Wednesday, January 6, 2010

Siren Song

She remembered the sirens when the war began, bursting the silence of the night two or three times a week. Her mother yelled from the kitchen for all her children to hurry to her and they gathered, tightly packed, in the broom closet that was the most interior room of the house. Belma often fell back to sleep standing up on these nights, supported by the bodies of her female family members, numb to their terror, which long ago had switched in her brain from dreadful and wrong, to normal and consistent.

She could no longer go to school because of the bombings and because she was Bosnian. She was not allowed to go outside under any circumstances. Her mother had heard what happened to woman and female children the Serbian soldiers rounded up. Her father and older brother were fighting with the resistance.

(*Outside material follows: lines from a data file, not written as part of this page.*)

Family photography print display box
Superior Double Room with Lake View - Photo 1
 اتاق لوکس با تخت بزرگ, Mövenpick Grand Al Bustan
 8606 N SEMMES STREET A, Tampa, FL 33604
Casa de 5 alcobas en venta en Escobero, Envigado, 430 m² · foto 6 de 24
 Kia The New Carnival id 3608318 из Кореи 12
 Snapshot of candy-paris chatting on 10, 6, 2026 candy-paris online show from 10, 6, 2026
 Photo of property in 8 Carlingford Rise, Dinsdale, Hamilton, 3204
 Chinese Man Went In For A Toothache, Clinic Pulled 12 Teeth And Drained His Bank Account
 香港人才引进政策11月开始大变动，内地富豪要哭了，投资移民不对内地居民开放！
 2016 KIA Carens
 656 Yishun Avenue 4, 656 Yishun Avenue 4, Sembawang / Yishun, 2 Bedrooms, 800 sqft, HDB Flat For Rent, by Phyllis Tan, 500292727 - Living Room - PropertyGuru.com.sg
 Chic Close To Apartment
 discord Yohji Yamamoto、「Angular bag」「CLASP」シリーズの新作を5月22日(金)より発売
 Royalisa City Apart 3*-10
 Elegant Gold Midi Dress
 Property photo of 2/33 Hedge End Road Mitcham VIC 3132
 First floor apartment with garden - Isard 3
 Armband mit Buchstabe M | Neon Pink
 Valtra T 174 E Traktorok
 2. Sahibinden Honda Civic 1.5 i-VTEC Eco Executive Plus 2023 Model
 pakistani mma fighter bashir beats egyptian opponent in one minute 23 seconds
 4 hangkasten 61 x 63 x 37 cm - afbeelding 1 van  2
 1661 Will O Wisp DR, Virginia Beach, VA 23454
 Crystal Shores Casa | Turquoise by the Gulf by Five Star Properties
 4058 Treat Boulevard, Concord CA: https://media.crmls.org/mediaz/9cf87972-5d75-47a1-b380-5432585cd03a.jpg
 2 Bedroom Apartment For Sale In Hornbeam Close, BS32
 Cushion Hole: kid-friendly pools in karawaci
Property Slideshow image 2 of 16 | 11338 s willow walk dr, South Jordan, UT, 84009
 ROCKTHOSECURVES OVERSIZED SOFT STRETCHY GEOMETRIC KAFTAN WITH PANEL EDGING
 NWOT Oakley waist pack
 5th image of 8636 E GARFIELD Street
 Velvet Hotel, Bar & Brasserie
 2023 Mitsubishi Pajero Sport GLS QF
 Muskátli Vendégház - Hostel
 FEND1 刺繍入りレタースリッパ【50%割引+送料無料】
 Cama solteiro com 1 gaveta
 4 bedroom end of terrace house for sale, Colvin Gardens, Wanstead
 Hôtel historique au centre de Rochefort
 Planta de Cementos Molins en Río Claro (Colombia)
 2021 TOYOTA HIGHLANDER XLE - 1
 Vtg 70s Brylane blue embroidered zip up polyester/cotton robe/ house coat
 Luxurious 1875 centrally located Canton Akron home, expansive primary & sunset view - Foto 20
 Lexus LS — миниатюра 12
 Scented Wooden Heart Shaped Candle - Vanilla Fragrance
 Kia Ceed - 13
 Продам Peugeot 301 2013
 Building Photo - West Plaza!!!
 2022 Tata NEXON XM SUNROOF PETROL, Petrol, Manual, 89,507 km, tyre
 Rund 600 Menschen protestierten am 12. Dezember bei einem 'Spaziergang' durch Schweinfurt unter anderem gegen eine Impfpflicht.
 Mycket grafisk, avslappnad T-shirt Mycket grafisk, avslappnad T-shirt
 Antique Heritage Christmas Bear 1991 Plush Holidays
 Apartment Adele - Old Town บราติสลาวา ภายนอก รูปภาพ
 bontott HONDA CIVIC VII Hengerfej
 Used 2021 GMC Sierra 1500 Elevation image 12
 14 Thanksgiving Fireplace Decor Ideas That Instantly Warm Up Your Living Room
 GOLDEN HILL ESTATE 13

They were alone, 5 women in the house. They kept the lights off and all the curtains drawn so that it would look as though the house were deserted.



It had been months since the sirens had stopped. Now there was no warning when the bombs began to fall. After the first few shells exploded, they would rush to the closet together, in a choreographed dance that had become second nature.

Belma rarely slept at night anymore. Inactivity during the day did not tire her young body and her mind would no longer wind down and turn off. Instead she lay on her back and stared into the blackness listening for the whir of missiles, trying not to hear the sobs of her mother and the barking of the wild dogs in the street.

It was happening again. She heard the sound of falling from a great height. She felt the house shake with earthquake force, heard splitting, fracturing, crumbling. She moved robotically to rise from her sunken mattress but she could not see the walls caving in around her. She raised her body but her arms were pinned and crushed beneath the house’s collapsed weight. Pain screamed in her brain with such unfamiliar intensity of feeling that she was overcome and lost consciousness. Blood soaked the bed and pooled on the floor around her.

Two year later.

Belma sits in a small apartment in Dallas, Texas. Her mother lifts a cup of strong Slav coffee to her lips. She looks down short-sightedly into the cup as she sips. Her sweater hangs from her shoulders, the sleeves pinned down so they will not swing. Her legs are folded beneath her. They tell me, in the stilted English that I am slowly teaching them, that her arms were still on the bed when they left and may be there still. They wrapped her like a mummy in bedsheets and carried her between the four of them through the streets, dodging bullets and Serbs, until they found Bosniak soldiers. They tell me that she did not wake for 5 months. They set out lunch on the small coffee table, but feed Belma first, mother by her side, three sisters and myself on the floor. She is their sacrificial lamb. Because of her injuries, they escaped from the genocide, the rape camps and the warfare to the refuge of the United States. They are the lucky ones, Belma, her mother and sisters.